PURC Says $320m Investment Needed to Cut Utility Losses, Justifies Latest Tariff Adjustments
Acting Executive Secretary of the Public Utilities Regulatory Commission (PURC), Dr. Shafic Suleman, has disclosed that utility service providers will require a capital investment of about US$320 million to significantly reduce technical, distribution and commercial losses within their networks.
Briefing Parliament on Wednesday, December 10, Dr. Suleman said the investment requirement could be met through targeted public-private partnerships (PPPs), noting that improved financing would be critical to strengthening the operational efficiency of the electricity and water utilities.
He explained that the recent 9.86% increase in electricity tariffs and 15.26% adjustment for water were driven not only by quarterly review indicators—such as inflation, exchange rate movements and the hydro-thermal power generation mix—but also by the multi-year tariff framework, which accounts for utilities’ investment needs over a three-to-five-year period.
“The recent upward adjustment is a multi-year tariff and not the quarterly one,” he clarified, adding that the Commission would soon publish a decision note detailing the factors that informed the review.

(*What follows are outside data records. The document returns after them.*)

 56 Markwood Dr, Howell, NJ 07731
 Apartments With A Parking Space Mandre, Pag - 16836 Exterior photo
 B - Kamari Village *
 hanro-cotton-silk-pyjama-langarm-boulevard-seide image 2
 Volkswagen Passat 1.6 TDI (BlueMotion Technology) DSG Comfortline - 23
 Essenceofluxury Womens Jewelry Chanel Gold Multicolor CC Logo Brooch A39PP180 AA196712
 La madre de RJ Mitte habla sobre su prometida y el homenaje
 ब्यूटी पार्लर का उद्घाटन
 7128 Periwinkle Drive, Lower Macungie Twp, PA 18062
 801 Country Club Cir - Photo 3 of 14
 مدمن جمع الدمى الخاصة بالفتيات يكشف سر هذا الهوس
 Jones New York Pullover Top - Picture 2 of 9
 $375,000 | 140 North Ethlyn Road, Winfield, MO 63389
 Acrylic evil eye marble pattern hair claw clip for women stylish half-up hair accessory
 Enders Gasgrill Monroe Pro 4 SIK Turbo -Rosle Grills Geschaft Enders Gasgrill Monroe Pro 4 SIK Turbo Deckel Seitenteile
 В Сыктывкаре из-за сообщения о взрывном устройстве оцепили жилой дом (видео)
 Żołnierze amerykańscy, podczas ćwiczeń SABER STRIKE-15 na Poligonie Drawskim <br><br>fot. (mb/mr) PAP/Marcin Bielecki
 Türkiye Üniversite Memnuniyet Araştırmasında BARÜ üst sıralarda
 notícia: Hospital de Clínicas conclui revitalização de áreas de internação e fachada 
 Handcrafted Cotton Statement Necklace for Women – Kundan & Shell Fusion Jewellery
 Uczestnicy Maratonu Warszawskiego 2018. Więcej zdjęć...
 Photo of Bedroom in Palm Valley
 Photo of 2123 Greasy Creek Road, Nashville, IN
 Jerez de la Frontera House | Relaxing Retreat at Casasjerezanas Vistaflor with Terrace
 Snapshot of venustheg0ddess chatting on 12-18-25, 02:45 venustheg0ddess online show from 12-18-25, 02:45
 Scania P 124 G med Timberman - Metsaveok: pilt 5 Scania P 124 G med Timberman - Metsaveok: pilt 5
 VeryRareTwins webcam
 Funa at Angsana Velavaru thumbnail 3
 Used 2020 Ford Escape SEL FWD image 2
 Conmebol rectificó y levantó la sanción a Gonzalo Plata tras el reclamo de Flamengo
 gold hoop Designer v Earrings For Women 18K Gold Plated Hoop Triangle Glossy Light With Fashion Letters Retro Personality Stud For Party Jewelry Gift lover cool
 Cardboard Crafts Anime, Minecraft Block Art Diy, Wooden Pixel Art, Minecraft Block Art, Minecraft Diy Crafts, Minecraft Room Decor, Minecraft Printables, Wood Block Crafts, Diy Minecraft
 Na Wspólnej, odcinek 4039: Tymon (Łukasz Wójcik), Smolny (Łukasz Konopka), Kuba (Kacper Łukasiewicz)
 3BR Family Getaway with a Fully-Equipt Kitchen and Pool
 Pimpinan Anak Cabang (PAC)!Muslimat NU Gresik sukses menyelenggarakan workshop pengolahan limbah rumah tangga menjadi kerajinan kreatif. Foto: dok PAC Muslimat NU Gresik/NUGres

Responding to concerns raised by Members of Parliament (MPs) regarding limited stakeholder engagement, Dr. Suleman maintained that the PURC had conducted consultations in 10 regions, engaged the Parliamentary Committees on Energy and Sanitation, and intended to meet the leadership of both the Majority and Minority Caucuses.
Several MPs expressed dissatisfaction with the quality of services provided by the utilities, citing persistent water supply interruptions and rising monthly bills despite non-flow of water in many communities.
Dr. Suleman assured the House that the PURC remains committed to protecting consumers while ensuring that service providers receive the investments needed to improve reliability and operational sustainability across the sector.